* WORK INSTRUCTIONS
Search the records for the string "Light", then copy each line where it appears.

Segment Start: MATERIAL FOR THIS TASK

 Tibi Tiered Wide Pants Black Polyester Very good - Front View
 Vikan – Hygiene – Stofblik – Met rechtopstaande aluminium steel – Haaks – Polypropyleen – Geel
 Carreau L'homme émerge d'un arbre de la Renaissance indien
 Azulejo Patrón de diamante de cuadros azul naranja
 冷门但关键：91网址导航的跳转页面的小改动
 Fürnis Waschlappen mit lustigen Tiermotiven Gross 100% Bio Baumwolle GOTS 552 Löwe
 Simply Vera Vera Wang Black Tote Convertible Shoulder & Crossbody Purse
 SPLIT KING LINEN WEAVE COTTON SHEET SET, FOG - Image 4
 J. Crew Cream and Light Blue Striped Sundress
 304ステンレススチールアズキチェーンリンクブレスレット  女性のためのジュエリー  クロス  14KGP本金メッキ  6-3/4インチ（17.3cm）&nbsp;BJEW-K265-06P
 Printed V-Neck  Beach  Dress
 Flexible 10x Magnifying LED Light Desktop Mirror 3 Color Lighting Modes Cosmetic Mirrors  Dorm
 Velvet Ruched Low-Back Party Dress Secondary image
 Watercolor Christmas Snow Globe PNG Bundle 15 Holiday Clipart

Segment End: MATERIAL FOR THIS TASK

* EXERCISE RESPONSE
 J. Crew Cream and Light Blue Striped Sundress
 Flexible 10x Magnifying LED Light Desktop Mirror 3 Color Lighting Modes Cosmetic Mirrors  Dorm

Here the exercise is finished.